__Task requirements__:
From the records below, print only the part that opens with the line containing "2201 Pepper Ridge Road, Valparaiso, IN 46385" and closes with the line containing "5th image of 542 W Capri Dr"; omit the pictures.

__Provided records__:

^^^^

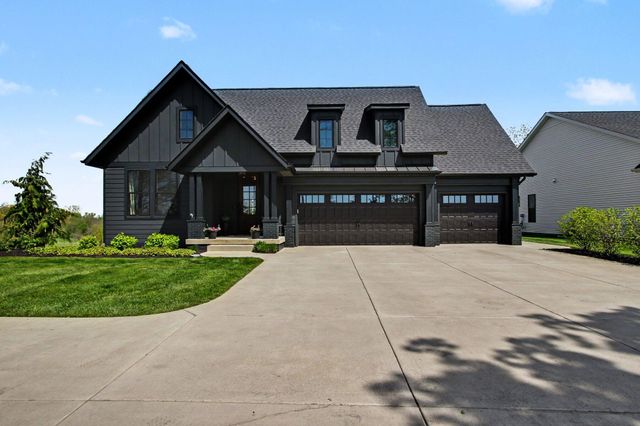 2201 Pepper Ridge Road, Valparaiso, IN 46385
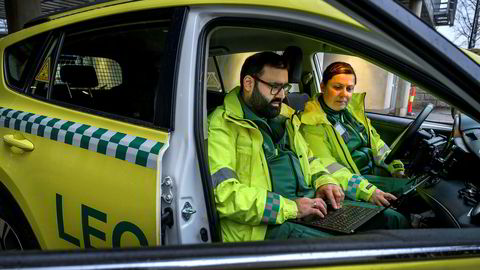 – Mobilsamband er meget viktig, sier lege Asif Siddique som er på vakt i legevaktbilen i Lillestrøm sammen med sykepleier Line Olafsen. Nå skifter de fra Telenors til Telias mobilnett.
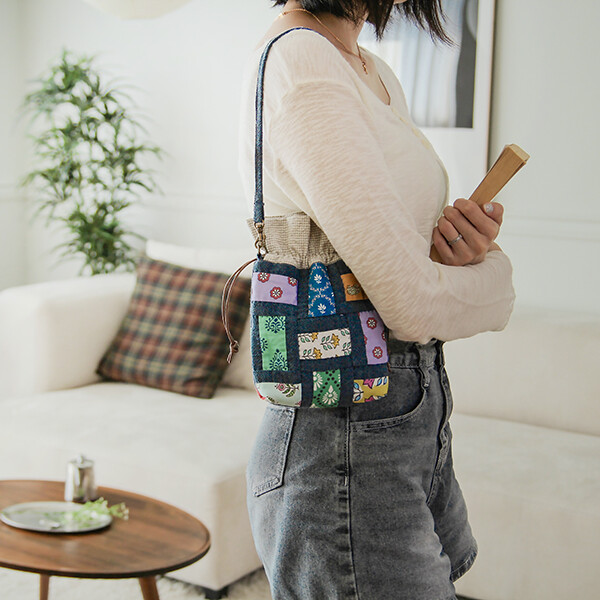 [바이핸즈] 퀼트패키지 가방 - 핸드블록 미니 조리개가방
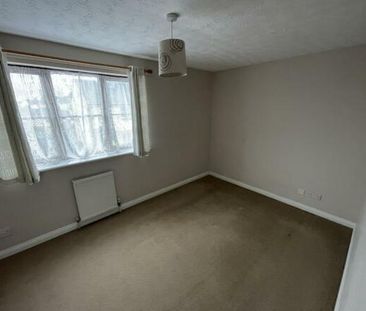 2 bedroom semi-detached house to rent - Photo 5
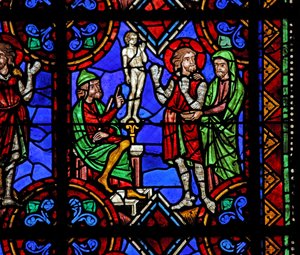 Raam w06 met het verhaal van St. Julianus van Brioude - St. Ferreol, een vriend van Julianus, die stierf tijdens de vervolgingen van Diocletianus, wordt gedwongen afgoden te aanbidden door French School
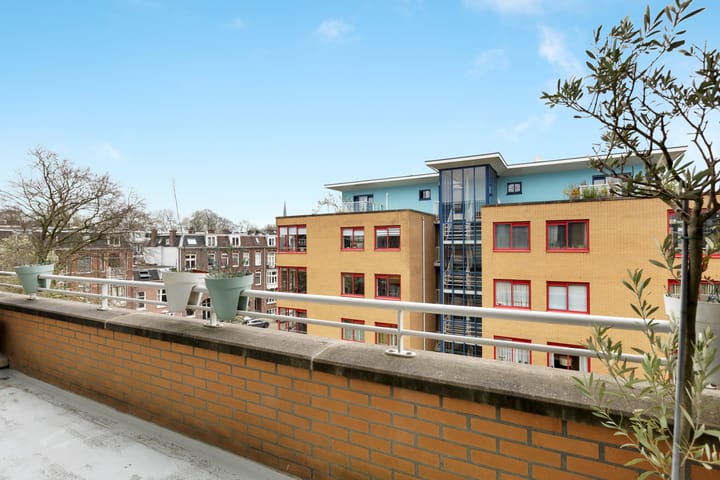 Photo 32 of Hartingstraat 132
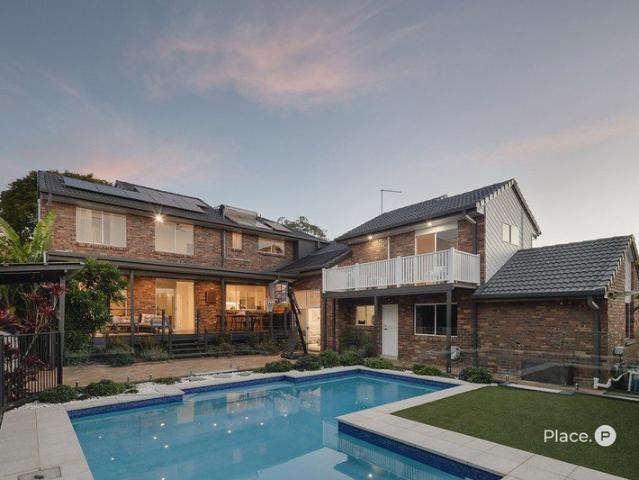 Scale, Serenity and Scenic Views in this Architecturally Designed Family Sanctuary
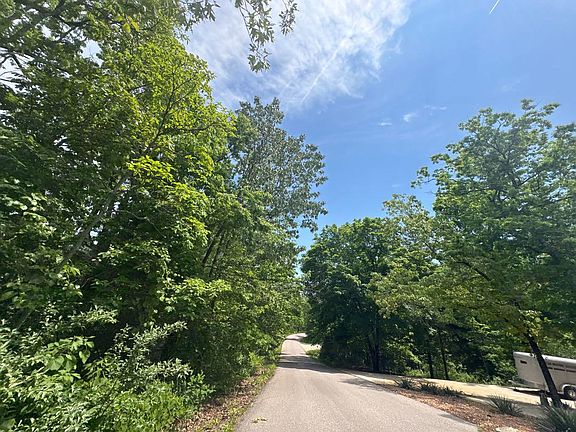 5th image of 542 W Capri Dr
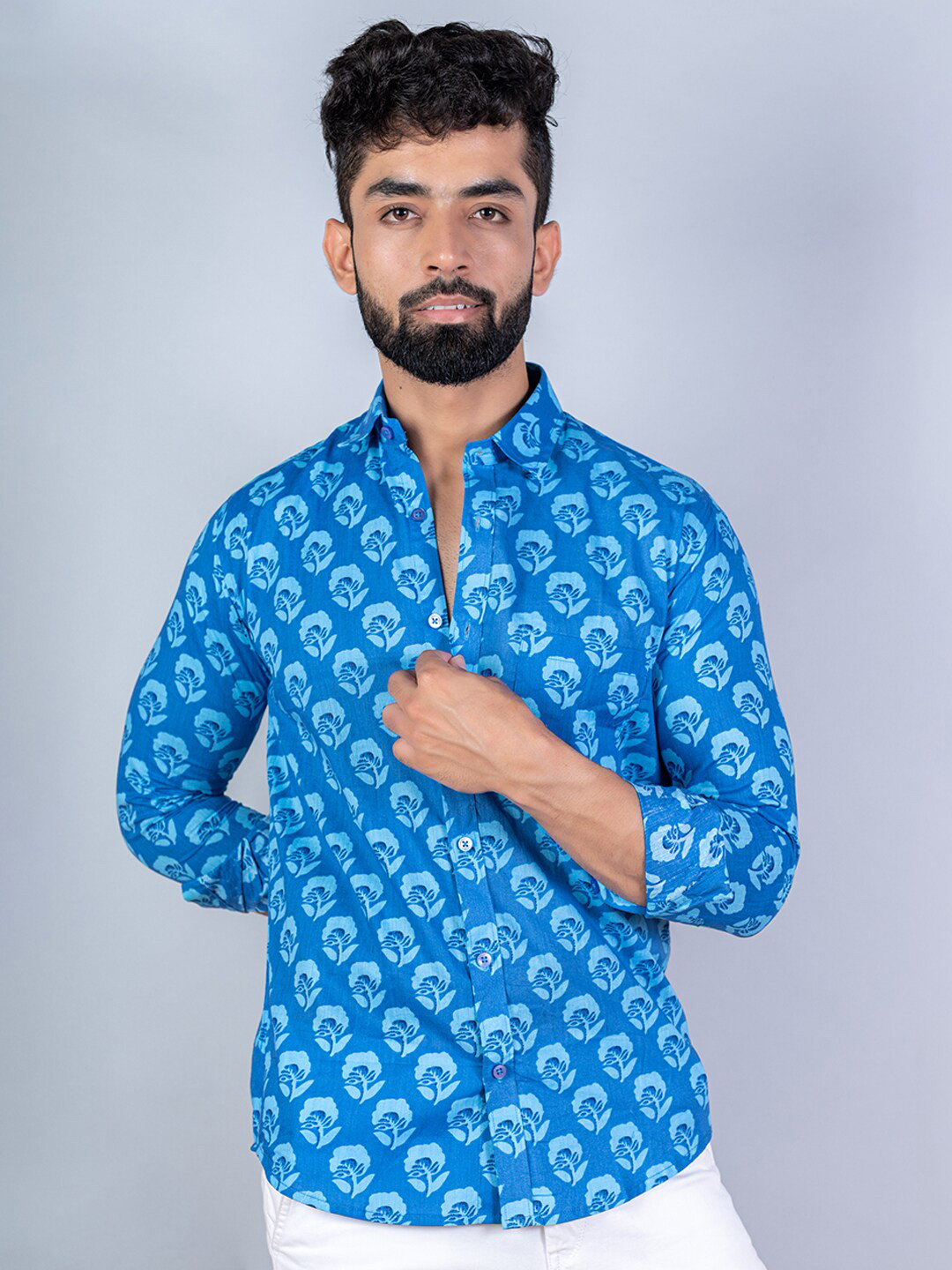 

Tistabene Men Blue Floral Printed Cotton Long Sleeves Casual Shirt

^^^^

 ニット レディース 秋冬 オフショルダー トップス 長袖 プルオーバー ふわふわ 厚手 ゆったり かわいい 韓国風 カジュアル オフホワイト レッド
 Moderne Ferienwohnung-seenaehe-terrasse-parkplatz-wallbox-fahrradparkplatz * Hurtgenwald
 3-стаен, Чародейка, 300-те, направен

^^^^

__Your response__:
 2201 Pepper Ridge Road, Valparaiso, IN 46385
 – Mobilsamband er meget viktig, sier lege Asif Siddique som er på vakt i legevaktbilen i Lillestrøm sammen med sykepleier Line Olafsen. Nå skifter de fra Telenors til Telias mobilnett.
 [바이핸즈] 퀼트패키지 가방 - 핸드블록 미니 조리개가방
 2 bedroom semi-detached house to rent - Photo 5
 Raam w06 met het verhaal van St. Julianus van Brioude - St. Ferreol, een vriend van Julianus, die stierf tijdens de vervolgingen van Diocletianus, wordt gedwongen afgoden te aanbidden door French School
 Photo 32 of Hartingstraat 132
 Scale, Serenity and Scenic Views in this Architecturally Designed Family Sanctuary
 5th image of 542 W Capri Dr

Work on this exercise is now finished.